I managed to convince the guy implementing the netscaler that his firewall rules were wrong and now its setup correctly with no internal lan snip and the firewall routes the traffic from the dmz snip to the internal network.

it is now all working

steinooo · 13 Dec 2014 at 14:04

Deviant-4 said:
they lack the dedicated SSL offload hardware of a physical appliance, the SSL encryption/decryption must be handled by the CPU, the result is that a VPX will exhaust its CPU with as few as 50 connections.

That could be the dealbreaker for an appliance over the VM then, there will be many more than 50 connections concurrently. Thanks for that, I didn't know that.

anything I don't mind said:
Storefront is a bit flaky iis 40 mbyte http server running on windows server that is one of the reasons why people use netscaler and not just stick storefront on the wan. Netscaler is made on freebsd.

I see what you mean that having a Windows server on a WAN is more of a security flaw than a hardened appliance like Netscaler, but what do you mean about 40 mbyte?

anything I don't mind · 15 Dec 2014 at 15:01

The storefront install file is just a 40mbyte .exe that installs a .net 4 IIS web server. ie the install file is 40mbyte, that doesn't necessarily mean much, i was just pointing out that its relatively small install file.

ubern00b · 16 Dec 2014 at 13:21

Deviant-4 said:
the result is that a VPX will exhaust its CPU with as few as 50 connections.

Not sure an absolute is the best in this reference. We run VPX's (10.5) in our ESXi estate with SSL offloading on 2000+ connections and they don't break a sweat.

Baz · 16 Dec 2014 at 18:24

If you want to allow remote access to Citrix, Netscaler Gateway is the best option, VPX will only support up to 500 Ica connections though.

Also regarding Storefront, if you wish to support client less HTML5 clients, you will have to move from Web Interface to Storefront. Even though it may support back to PS 4.5 farms, it is a pain to get it to work and isn't supported by Citrix.
You should get away with a VPX, if not then a MPX 5500 series, and of course two in a HA pair for resilience

steinooo · 16 Dec 2014 at 19:41

Baz said:
If you want to allow remote access to Citrix, Netscaler Gateway is the best option, VPX will only support up to 500 Ica connections though.

I just checked and it says 1500 on their datasheet.

ubern00b said:
Not sure an absolute is the best in this reference. We run VPX's (10.5) in our ESXi estate with SSL offloading on 2000+ connections and they don't break a sweat.

I thought this may be the case. Do you just use the hypervisor layer to do your HA for you?

ubern00b · 16 Dec 2014 at 20:58

steinooo said:
I just checked and it says 1500 on their datasheet.

I thought this may be the case. Do you just use the hypervisor layer to do your HA for you?

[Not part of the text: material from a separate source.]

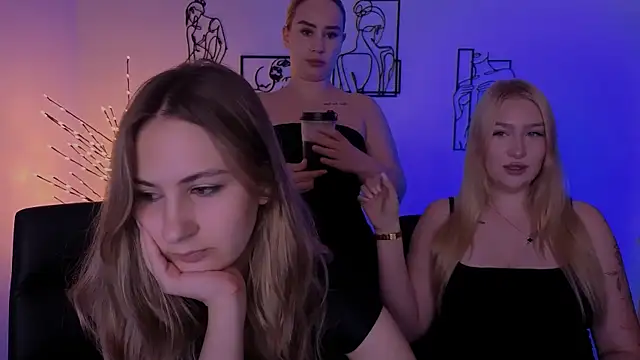 playful sophie online show from July 16, 7:09 pm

No, we have platinum licensing with two Netscalers in an HA pair but its an active/passive setup. Active/active is silly money.

anything I don't mind · 17 Dec 2014 at 14:10

Baz said:
If you want to allow remote access to Citrix, Netscaler Gateway is the best option, VPX will only support up to 500 Ica connections though.

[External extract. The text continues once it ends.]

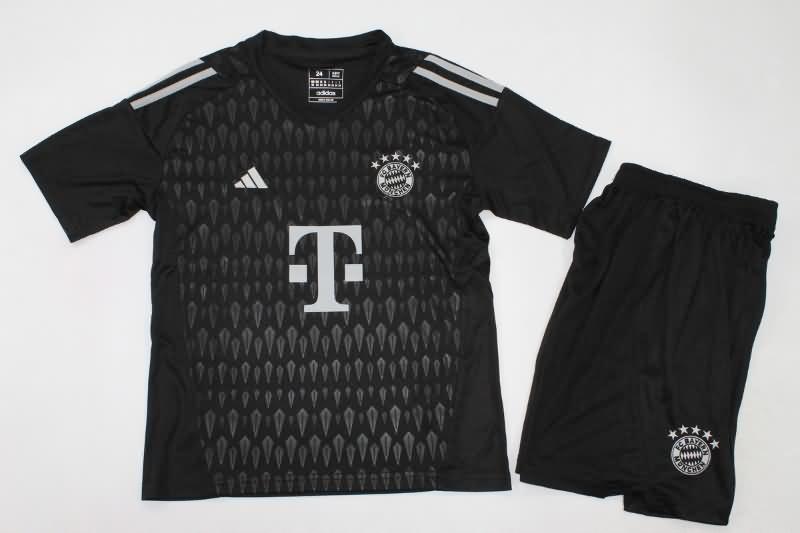 Kids Bayern Munich 23/24 Goalkeeper Black Soccer Jersey And Shorts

Also regarding Storefront, if you wish to support client less HTML5 clients, you will have to move from Web Interface to Storefront. Even though it may support back to PS 4.5 farms, it is a pain to get it to work and isn't supported by Citrix.
You should get away with a VPX, if not then a MPX 5500 series, and of course two in a HA pair for resilience

we went with strorefront as web interface is eol next year i think. Plus we wanted to virtualise everything and didn't see the need in virtualising the web interface that is currently phyiscal. ie at this point you might as well use storefront as its newer.